Love is in the air but a week before Valentine’s Day, the Pakistan Electronic Media Regulation Authority (PEMRA) has reminded broadcasters not to “promote” the international day of celebrating love. The original decision came last year after the Islamabad High Court ruled on a citizen’s petition to have Valentine’s Day banned. The court order prohibited the celebration of Valentine’s Day in public spaces and government offices.

But broadcasting is a money game. And the money tends to follow public demand, whatever that might be.

Going by last year, the smart money this year is on people spending money on gifts for their special someones. Flower sellers have started taking orders, new merchandise has hit gift spots, and restaurants are already making dinner reservations a week or so before Valentine’s Day.

Valentine’s Day might well not be native to South Asia. And yet, there is a certain acceptance of celebrating February 14 as the international day of love. But it has evoked polar responses: while commercialization around February 14 has increased and finds new consumers, so too has the backlash. While some flaunt their heart-shaped balloons, others argue that we must commemorate the day as ‘Haya Day’ or the Day of Virtue.

The number of Pakistanis who are unmarried is constantly on the rise. But the issues they face ­— from social unacceptability to finding accomodation to finding places to interact safely with each other — are not being addressed by society or the state.

Notwithstanding the debate of love versus virtue, the singles population has gradually been nudging forward.

The census conducted in 1997 listed the married population as about 63 percent of those above the legal age of consent. Although 2017 results have yet to be completely collated and released, well-placed sources claim that the percentage of married people has gone down. The average age at which people are getting married has also gone up significantly, particularly among young women. Meanwhile, the divorced population, listed as 0.34 percent in 1998, has now increased to five or six percent. These outcomes will be formalised and released in April this year but all indicators point to a big rise in the number of Pakistani adults who are living as ‘singles’.
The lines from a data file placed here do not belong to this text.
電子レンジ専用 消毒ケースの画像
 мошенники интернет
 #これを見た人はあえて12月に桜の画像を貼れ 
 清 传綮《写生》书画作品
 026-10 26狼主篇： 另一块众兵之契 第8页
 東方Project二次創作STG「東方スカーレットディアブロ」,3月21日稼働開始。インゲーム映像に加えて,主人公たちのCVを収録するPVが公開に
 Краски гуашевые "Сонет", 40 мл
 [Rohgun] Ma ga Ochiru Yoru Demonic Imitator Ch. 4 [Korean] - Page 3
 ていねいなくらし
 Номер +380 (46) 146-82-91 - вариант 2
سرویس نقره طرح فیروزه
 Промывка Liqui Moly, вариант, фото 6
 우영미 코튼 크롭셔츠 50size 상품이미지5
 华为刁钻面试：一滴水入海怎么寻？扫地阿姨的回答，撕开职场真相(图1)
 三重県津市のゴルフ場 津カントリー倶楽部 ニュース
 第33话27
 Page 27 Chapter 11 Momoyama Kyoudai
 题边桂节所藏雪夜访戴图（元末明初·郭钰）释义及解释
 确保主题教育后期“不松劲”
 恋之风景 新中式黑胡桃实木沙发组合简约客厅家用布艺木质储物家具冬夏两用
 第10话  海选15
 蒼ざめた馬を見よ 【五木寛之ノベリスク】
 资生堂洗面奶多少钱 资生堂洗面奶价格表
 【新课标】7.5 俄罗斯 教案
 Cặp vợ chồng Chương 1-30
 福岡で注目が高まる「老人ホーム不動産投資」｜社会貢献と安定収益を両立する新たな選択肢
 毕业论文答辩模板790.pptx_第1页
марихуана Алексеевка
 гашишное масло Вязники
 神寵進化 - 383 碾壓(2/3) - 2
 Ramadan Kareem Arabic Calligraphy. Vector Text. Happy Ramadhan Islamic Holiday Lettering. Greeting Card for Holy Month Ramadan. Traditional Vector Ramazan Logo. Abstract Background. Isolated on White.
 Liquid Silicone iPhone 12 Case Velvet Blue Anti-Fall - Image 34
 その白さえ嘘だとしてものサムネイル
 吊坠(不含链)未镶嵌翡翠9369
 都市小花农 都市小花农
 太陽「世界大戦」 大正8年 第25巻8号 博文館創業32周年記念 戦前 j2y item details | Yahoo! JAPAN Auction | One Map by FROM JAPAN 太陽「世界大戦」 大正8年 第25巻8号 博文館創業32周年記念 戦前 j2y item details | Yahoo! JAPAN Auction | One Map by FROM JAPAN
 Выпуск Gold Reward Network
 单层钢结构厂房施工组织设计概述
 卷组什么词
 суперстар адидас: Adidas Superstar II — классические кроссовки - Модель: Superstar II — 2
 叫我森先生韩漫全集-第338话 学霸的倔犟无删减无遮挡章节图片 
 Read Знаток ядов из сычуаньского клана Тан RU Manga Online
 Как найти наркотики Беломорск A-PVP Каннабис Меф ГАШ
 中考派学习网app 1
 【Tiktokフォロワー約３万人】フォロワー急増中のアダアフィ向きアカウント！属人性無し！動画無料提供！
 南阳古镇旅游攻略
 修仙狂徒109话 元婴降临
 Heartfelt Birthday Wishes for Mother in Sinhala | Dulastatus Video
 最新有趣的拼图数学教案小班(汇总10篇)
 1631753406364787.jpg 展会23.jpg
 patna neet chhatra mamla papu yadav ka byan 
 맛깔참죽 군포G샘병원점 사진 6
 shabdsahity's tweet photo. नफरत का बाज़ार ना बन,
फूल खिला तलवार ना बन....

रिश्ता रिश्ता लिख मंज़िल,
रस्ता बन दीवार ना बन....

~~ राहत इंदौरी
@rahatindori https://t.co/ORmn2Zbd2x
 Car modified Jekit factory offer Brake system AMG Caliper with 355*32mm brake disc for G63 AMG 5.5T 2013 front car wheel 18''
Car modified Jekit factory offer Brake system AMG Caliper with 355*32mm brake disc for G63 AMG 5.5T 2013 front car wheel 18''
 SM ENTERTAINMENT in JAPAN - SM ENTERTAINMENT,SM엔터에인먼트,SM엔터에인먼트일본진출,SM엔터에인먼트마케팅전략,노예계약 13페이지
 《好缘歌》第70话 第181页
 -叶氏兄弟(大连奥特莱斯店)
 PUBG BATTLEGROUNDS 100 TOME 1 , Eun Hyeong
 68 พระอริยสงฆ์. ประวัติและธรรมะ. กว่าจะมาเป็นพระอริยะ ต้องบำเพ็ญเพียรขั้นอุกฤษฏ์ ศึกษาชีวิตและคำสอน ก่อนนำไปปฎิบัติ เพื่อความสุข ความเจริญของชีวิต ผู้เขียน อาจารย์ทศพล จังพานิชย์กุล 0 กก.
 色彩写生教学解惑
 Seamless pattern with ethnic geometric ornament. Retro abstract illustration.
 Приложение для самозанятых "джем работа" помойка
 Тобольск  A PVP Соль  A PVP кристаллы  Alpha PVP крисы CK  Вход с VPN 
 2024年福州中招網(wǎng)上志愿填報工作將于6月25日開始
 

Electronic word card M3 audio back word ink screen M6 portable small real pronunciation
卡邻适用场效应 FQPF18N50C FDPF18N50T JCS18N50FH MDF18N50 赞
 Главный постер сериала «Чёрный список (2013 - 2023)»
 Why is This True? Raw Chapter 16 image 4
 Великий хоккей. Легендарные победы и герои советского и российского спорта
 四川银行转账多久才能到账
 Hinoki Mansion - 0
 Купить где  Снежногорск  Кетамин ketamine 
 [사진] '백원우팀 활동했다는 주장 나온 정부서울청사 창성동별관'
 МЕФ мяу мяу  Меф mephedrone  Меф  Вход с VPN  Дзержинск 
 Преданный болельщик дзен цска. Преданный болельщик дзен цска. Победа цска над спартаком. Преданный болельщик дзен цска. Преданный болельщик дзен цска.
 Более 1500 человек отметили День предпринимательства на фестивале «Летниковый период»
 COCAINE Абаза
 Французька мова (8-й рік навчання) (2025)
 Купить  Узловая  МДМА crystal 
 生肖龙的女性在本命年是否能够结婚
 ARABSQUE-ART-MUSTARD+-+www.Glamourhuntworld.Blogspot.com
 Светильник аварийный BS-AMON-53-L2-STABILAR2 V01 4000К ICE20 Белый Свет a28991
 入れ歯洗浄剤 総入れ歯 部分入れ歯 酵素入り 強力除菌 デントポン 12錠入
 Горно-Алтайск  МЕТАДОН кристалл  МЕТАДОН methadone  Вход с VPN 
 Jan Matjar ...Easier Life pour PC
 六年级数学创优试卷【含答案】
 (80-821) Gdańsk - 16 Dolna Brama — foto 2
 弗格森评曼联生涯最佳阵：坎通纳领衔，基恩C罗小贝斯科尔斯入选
Clearly the singles population in Pakistan is swelling but is it ready to mingle?


“It’s been a while since I have seen the sun set,” says Farzana Ali*, a 28-year-old factory worker. Every morning, Farzana leaves her house in Liaquatabad, Karachi promptly at eight, reaches her factory by nine, and stays at work at least till six. She works inside closed spaces, and by the time she leaves the factory, it is already dark outside. The eldest sister among eight siblings, her father passed away a few years ago. Ever since, she and her younger sister have been the breadwinners of the family.

“Something changes inside you when you first leave the comfort of your home,” says Farzana. “You become cynical, you expect the worse from others, and you don’t expect good things to happen to you.”

What Farzana refers to is the catcalling at the hands of neighbours who were once playmates. What makes it worse for her is the catcalling that her 21-year-old sister has to go through.

“Sometimes I am seen as too old by the boys hanging around the mohalla,” she says. “My sister becomes the more vulnerable target.”

And how does their mother take this?

“My mother often curses herself and then us,” murmurs Farzana. “Not because her daughters are responsible for running the household, but because she needs us to earn. In her ideal situation, we’d be married and our father would be alive.”

Farzana and her family have lived in the same mohalla for about three decades now. Familiarity should have bred some security, but after her father’s passing, the opposite has become true.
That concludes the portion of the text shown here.